> [Your instructions]: Word for word and without images, transcribe all of the records.

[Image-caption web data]
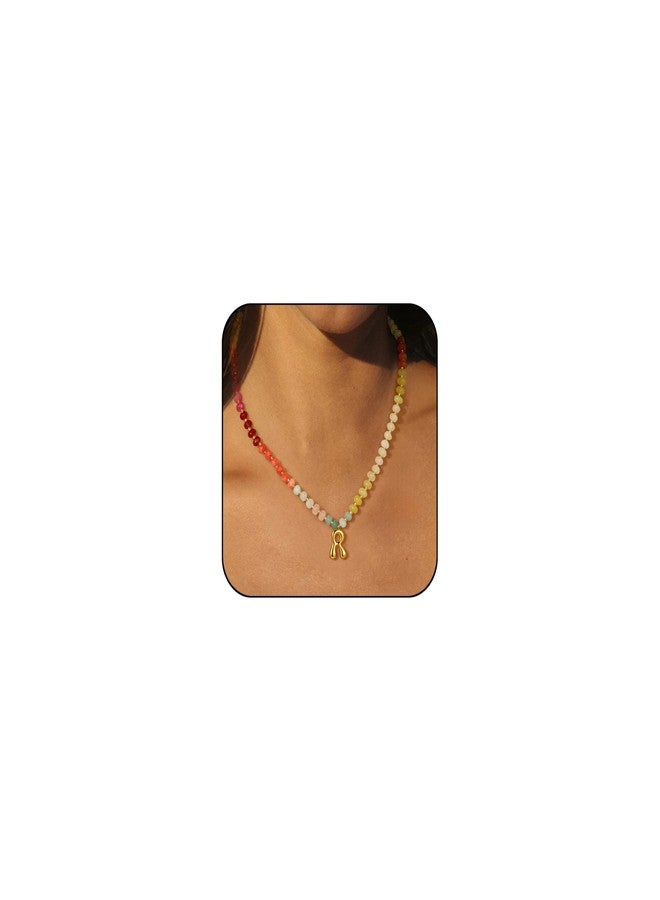 Badu Initial R Colorful Beaded Gemstone Necklaces for Women 14K Gold Letter Pendant Necklace Natural Stone Summer Beach Handmade Jewelry Gift Trendy Necklaces - Image 1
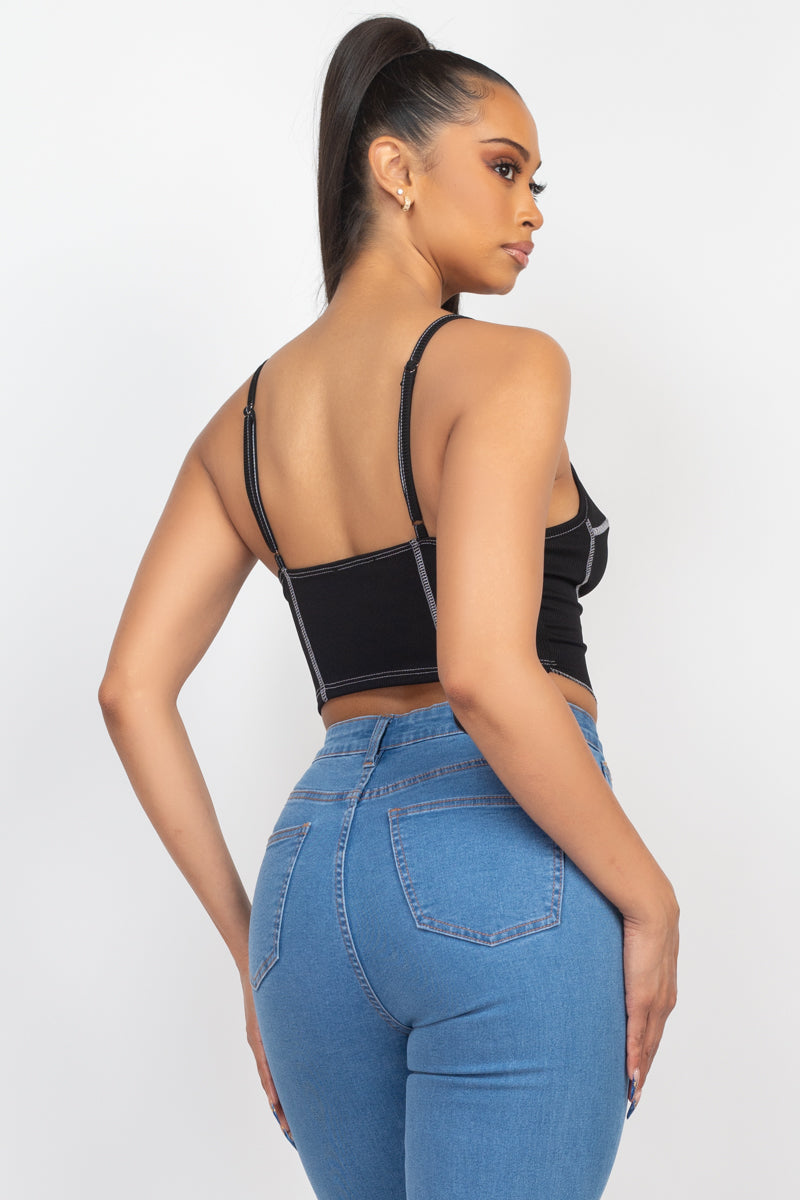 Bustier Sleeveless Ribbed Top - Supreme Deals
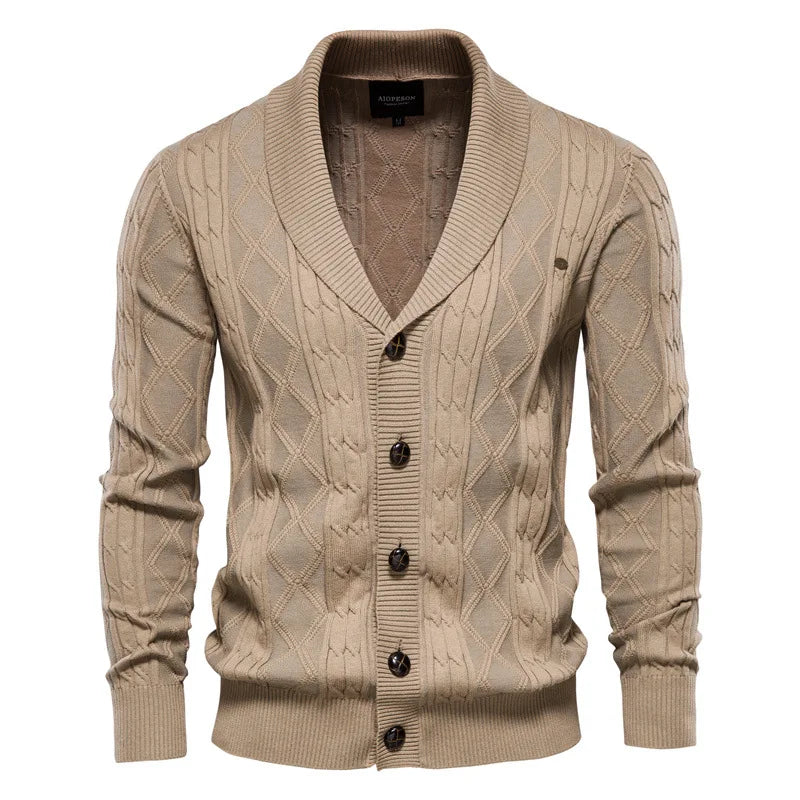 Men Cardigan Casual V-Neck Long Sleeve Sweater Men Coat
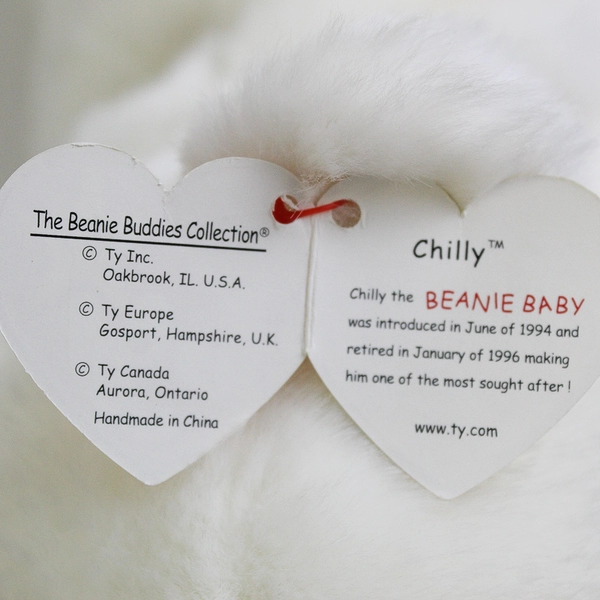 TY Beanie Babies Chilly 1994 White Polar Bear With Tag Plush Toy 14" Large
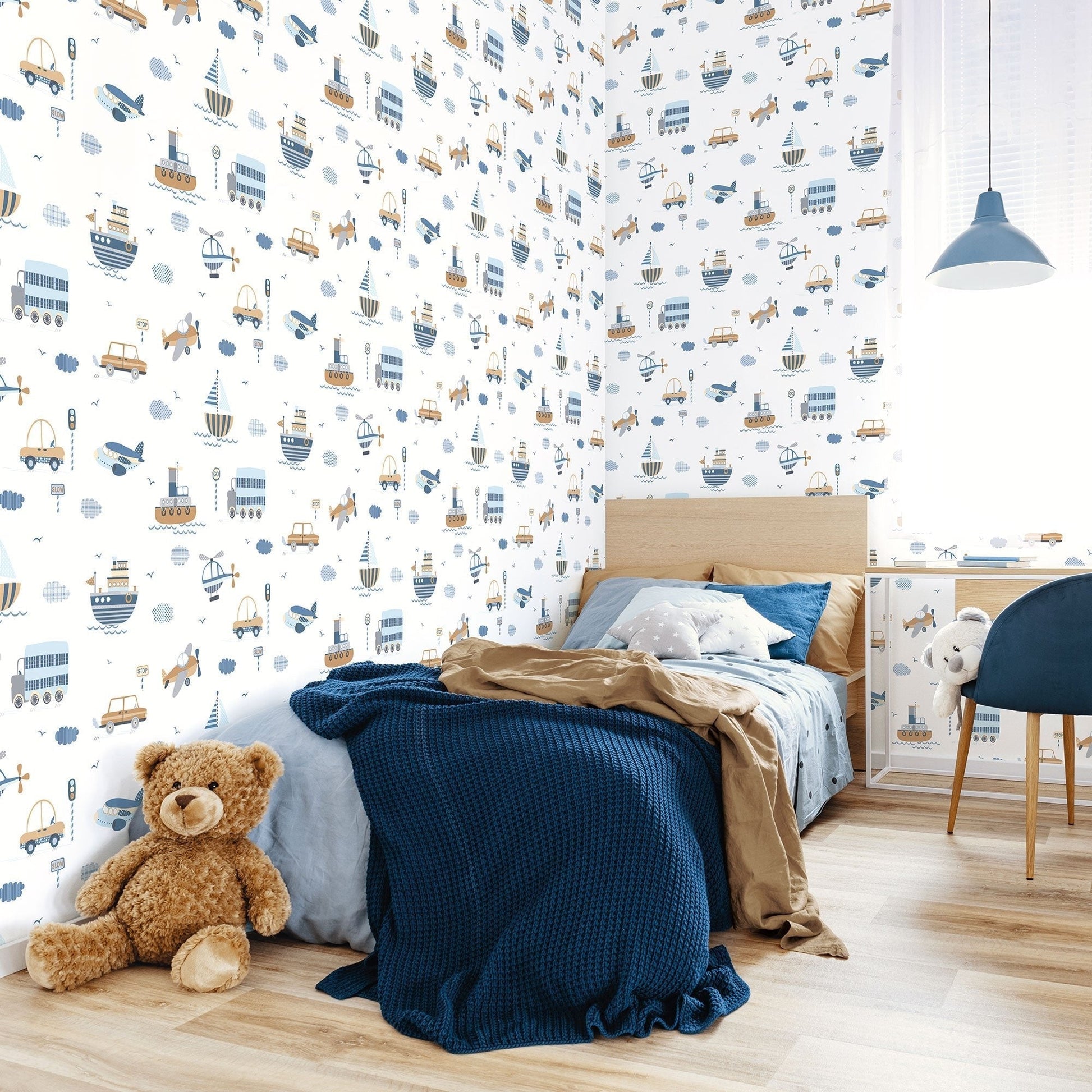 Tiny Tots 2 Transportation Wallpaper - Brown / Sky Blue / Navy - Galerie - G78416 - Premier Wallcovering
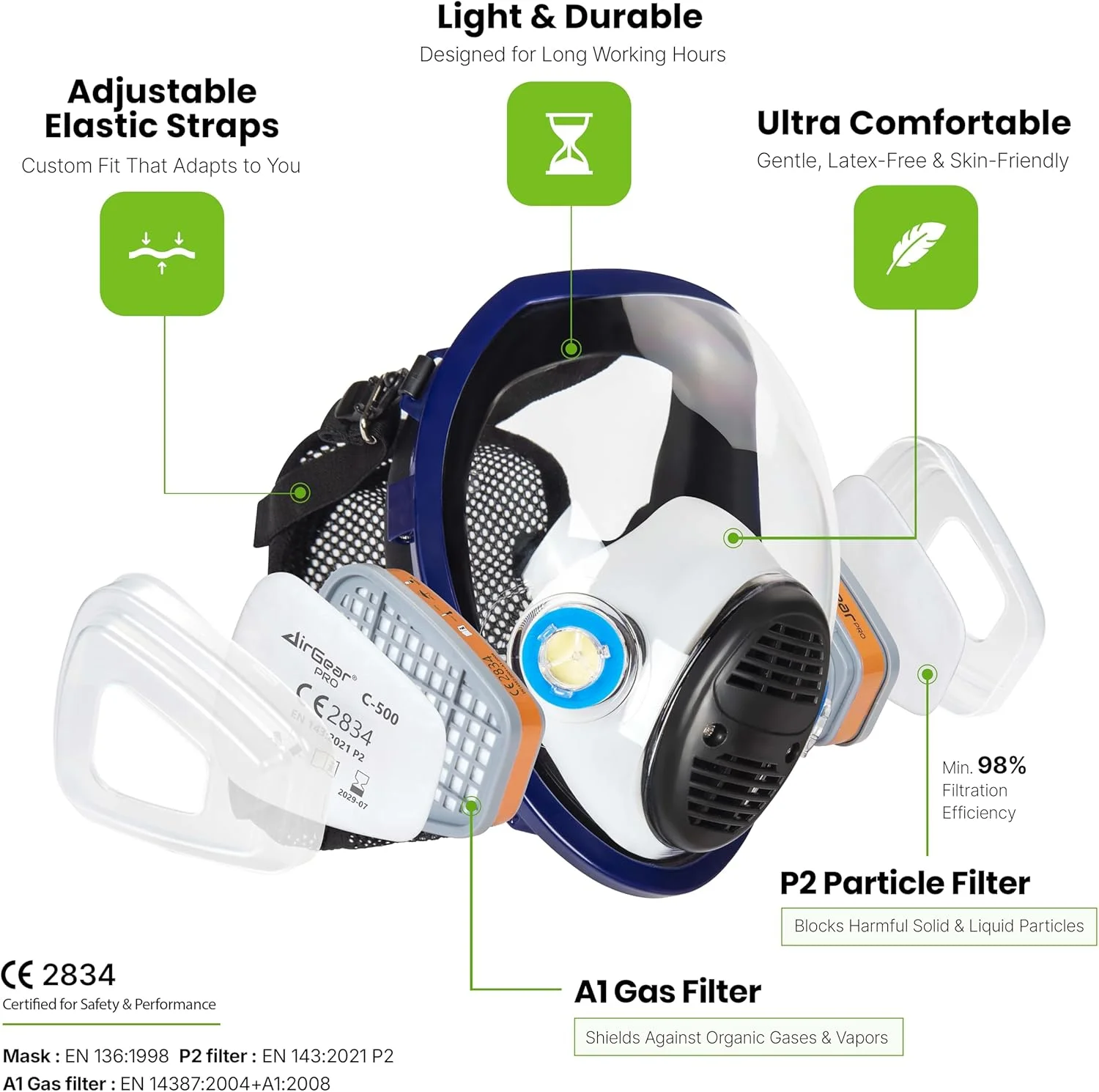 ماسک تنفسی AirGearPro G-750، ماسک کامل با فیلتر A1P2، ضد مه، ضد گاز، ضد گرد و غبار، ماسک گاز، ایده آل برای نقاشی، نجاری، ساخت و ساز، سنگ زنی، سمپاشی، مواد شیمیایی، کارهای DIY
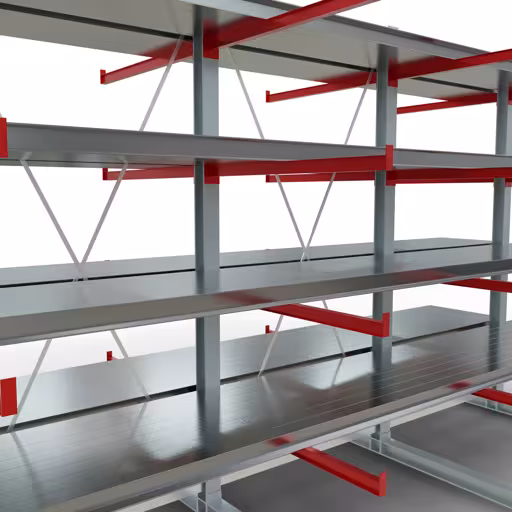 Abbildung Nr 11 des Artikels K 6000 Komplettregal, doppelseitig, 3000 x 4500 x 2x 1250 mm, RAL 7001 / RAL 3000, 5 Lagerebenen aus der Produktgruppe Kragarmregale von der Marke Schulte Lagertechnik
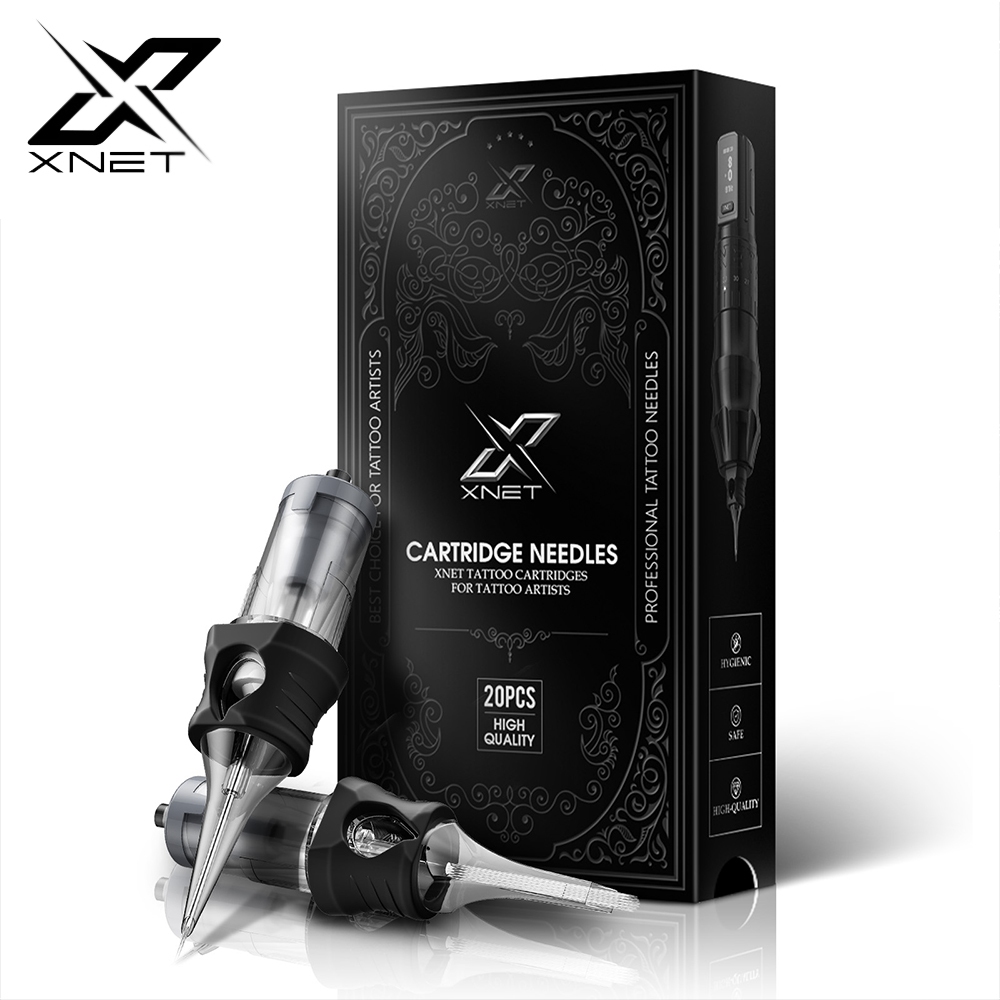 XNET Aurora เข็มสักสำเร็จรูป 20 ชิ้น RL RM RS ปลอดเชื้อ ปลอกซิลิโคน สำหรับงานสักและ Permanent Makeup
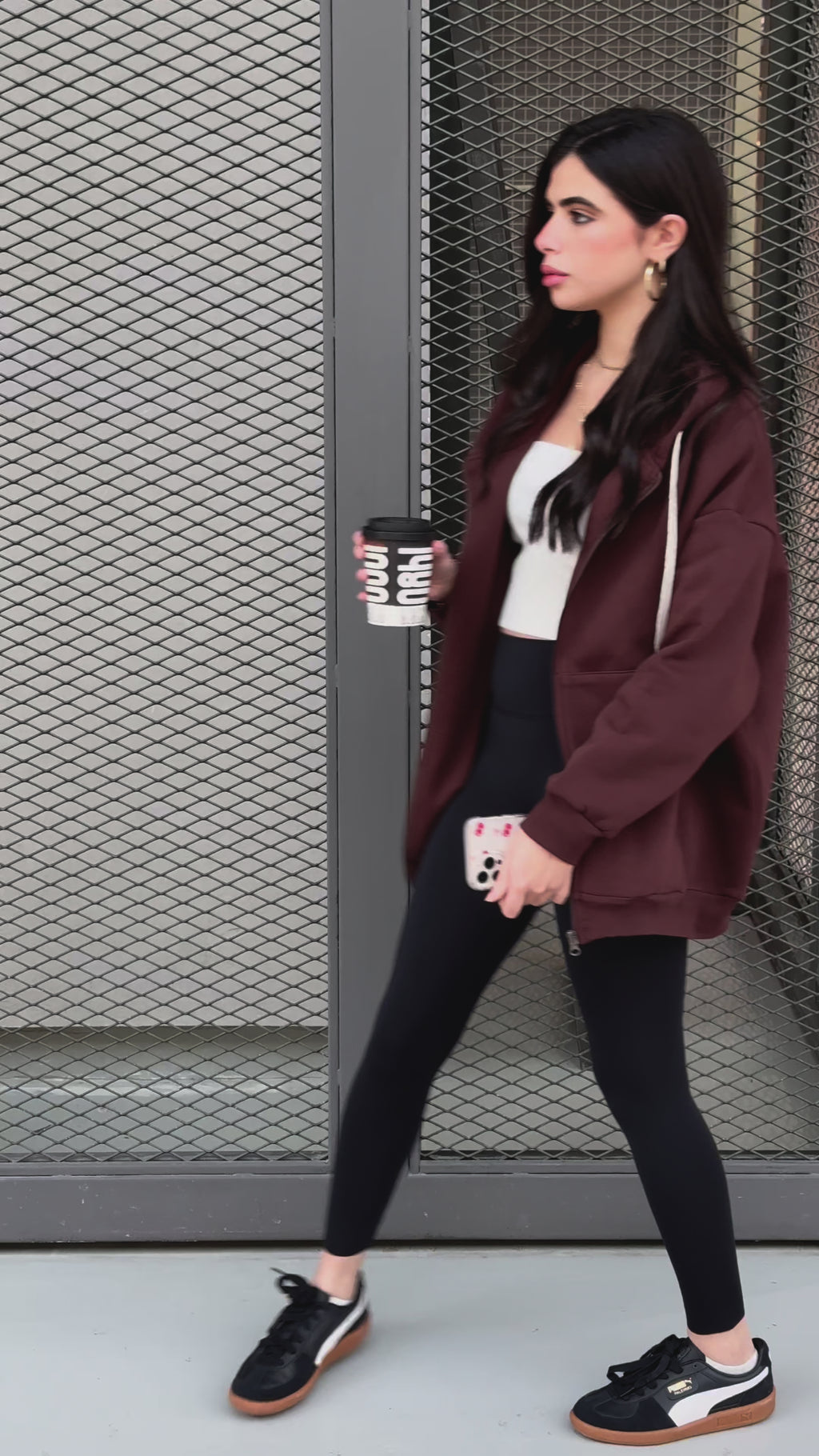 Burgundy Long Zip Up Hoodie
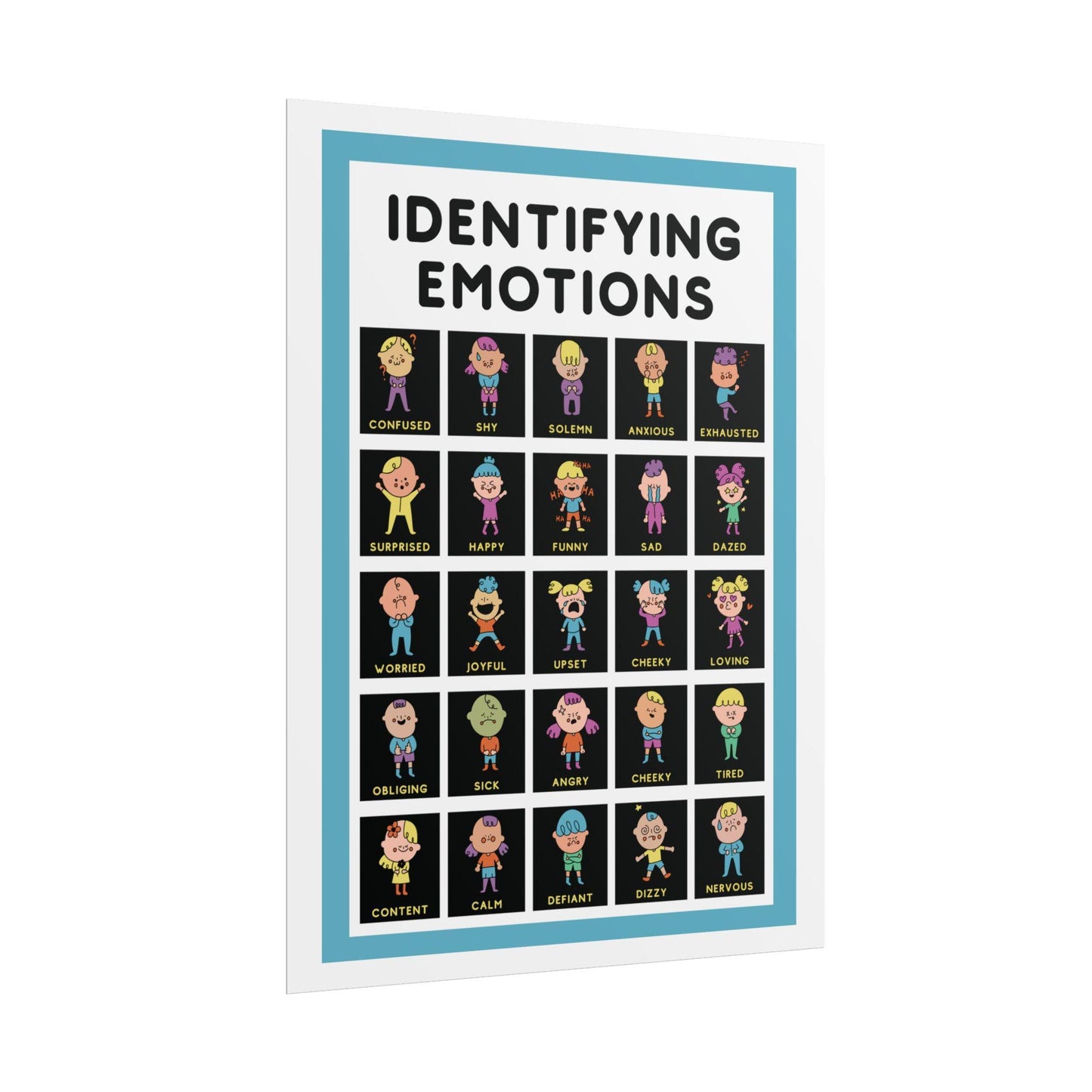 Identifying emotions rolled poster | emotions chart educational wall art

> [Completed exercise]:
 Badu Initial R Colorful Beaded Gemstone Necklaces for Women 14K Gold Letter Pendant Necklace Natural Stone Summer Beach Handmade Jewelry Gift Trendy Necklaces - Image 1
 Bustier Sleeveless Ribbed Top - Supreme Deals
 Men Cardigan Casual V-Neck Long Sleeve Sweater Men Coat
 TY Beanie Babies Chilly 1994 White Polar Bear With Tag Plush Toy 14" Large
 Tiny Tots 2 Transportation Wallpaper - Brown / Sky Blue / Navy - Galerie - G78416 - Premier Wallcovering
 ماسک تنفسی AirGearPro G-750، ماسک کامل با فیلتر A1P2، ضد مه، ضد گاز، ضد گرد و غبار، ماسک گاز، ایده آل برای نقاشی، نجاری، ساخت و ساز، سنگ زنی، سمپاشی، مواد شیمیایی، کارهای DIY
 Abbildung Nr 11 des Artikels K 6000 Komplettregal, doppelseitig, 3000 x 4500 x 2x 1250 mm, RAL 7001 / RAL 3000, 5 Lagerebenen aus der Produktgruppe Kragarmregale von der Marke Schulte Lagertechnik
 XNET Aurora เข็มสักสำเร็จรูป 20 ชิ้น RL RM RS ปลอดเชื้อ ปลอกซิลิโคน สำหรับงานสักและ Permanent Makeup
 Burgundy Long Zip Up Hoodie
 Identifying emotions rolled poster | emotions chart educational wall art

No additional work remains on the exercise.